The through holes 10 of the first to seventh embodiments reduce noise generated by the rotation of the centrifugal fan 1. Further, the through holes 10 of the first to seventh embodiments are intended to suppress a decrease in the air blowing efficiency due to the reduction of the area of the blade 4 due to the through holes 10 or to improve the air blowing efficiency.

First, the reason why noise is generated by the rotation of the centrifugal fan 1 will be described with reference to FIG.
In FIG. 11, the speed of the main flow flowing through the outlet of the blade-to-blade flow path is indicated by an arrow v, and the axis of the vortex that is the noise source is indicated by an arrow ω. Here, according to Powell's vortex sound theory, the sound source term is represented by div(v×ω), and it is shown that the noise increases as the value increases. Div means divergence, and becomes large at the time of springing out and inhaling in a minute volume.

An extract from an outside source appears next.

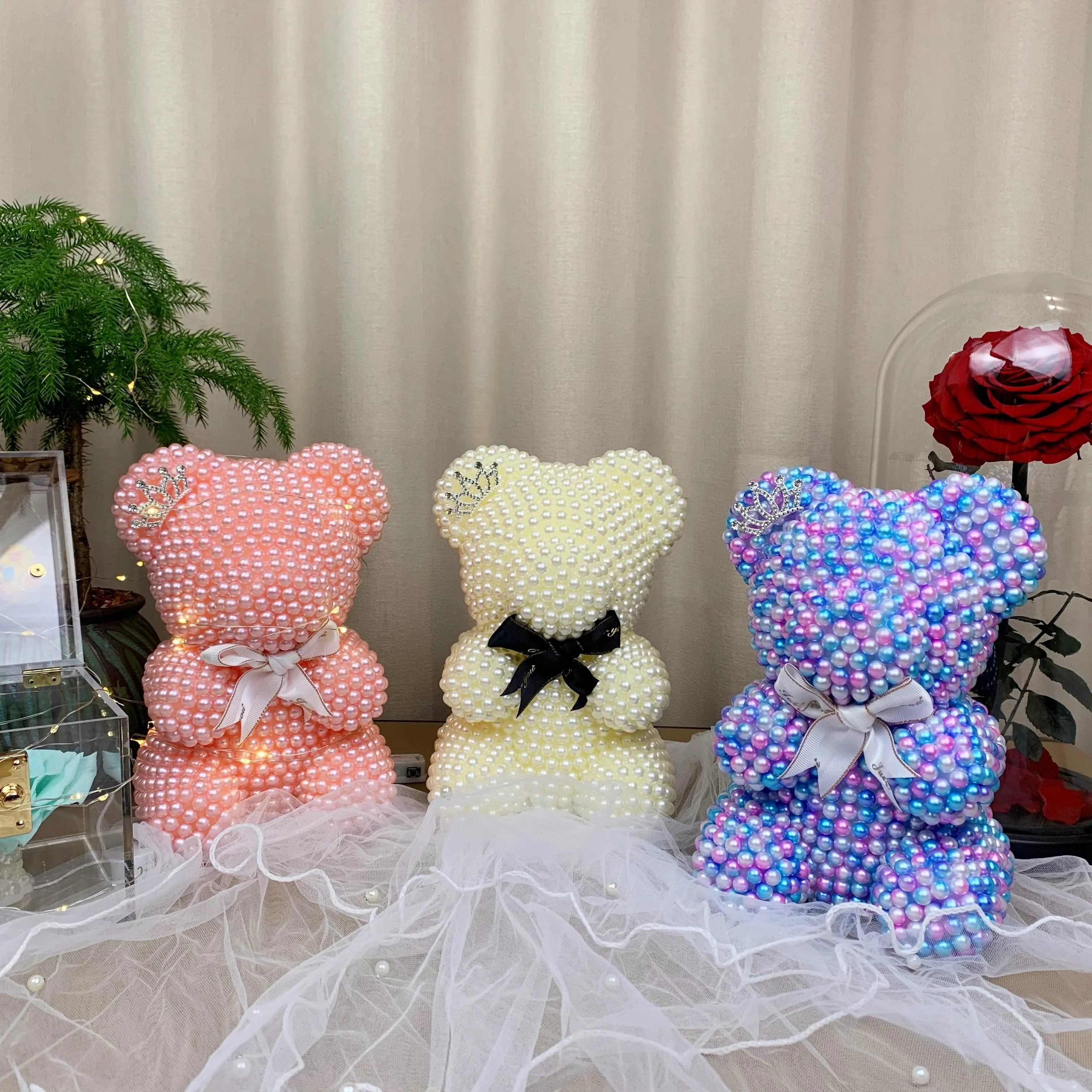 2024 Luxurious Gift Idea Handcrafted Valentine's Day gifts Christmas gifts 25cm pearl bear and 25cm pearl bunny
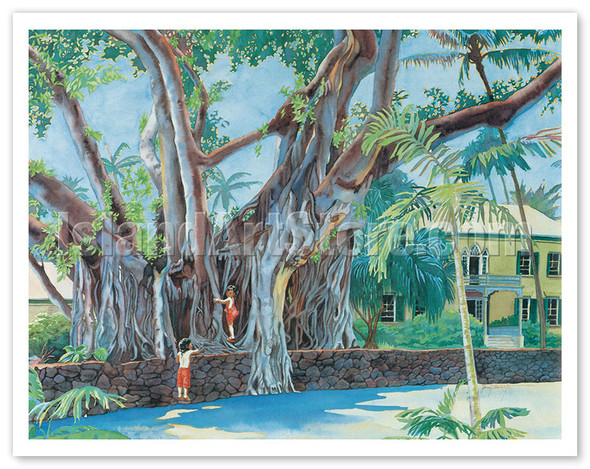 Climbing the Banyan (Ka Pi‘i ‘Ana O Ke Paniana) - Hawaiian Fiscus Tree - Poster by Janet Stewart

Further, v means the mainstream velocity, and ω means the vorticity. That is, the noise is an outer product of the mainstream velocity v and the vorticity ω. Therefore, a large vortex is orthogonal to the main stream, and the place where it is generated or disappears becomes a sound. Therefore, noise can be reduced by reducing the vortex generated at the outlet of the inter-blade passage. In order to reduce the vortex generated at the outlet of the blade-to-blade passage, the variation in the flow velocity at the outlet of the blade-to-blade passage (that is, the flow velocity deviation) may be reduced.

  FIG. 12 shows the deviation of the flow velocity in the inter-blade passage when serrations are provided on the trailing edge 7 of the blade 4. In the flow path between the blades, the flow velocity near the suction surface 8 is fast, and the flow velocity near the pressure surface 9 is slow. Therefore, when serrations are provided on the trailing edge 7 of the blade 4, as shown by an arrow F, the air flowing in the vicinity of the positive pressure surface 9 in the predetermined inter-blade flow path passes through the notch of the serration, and the predetermined It flows to another inter-blade flow passage located on the rear side in the rotational direction of the inter-blade flow passage. Therefore, in the other inter-blade passages, the air having a high flow velocity flowing in the vicinity of the suction surface 8 is pushed out to the rear side in the rotational direction, and the flow velocity at the outlet of the inter-blade passage becomes closer to uniform. Therefore, the vortex formed near the trailing edge 7 of the blade 4 becomes smaller, and the noise is reduced. It should be noted that this was discovered by the research of the inventors.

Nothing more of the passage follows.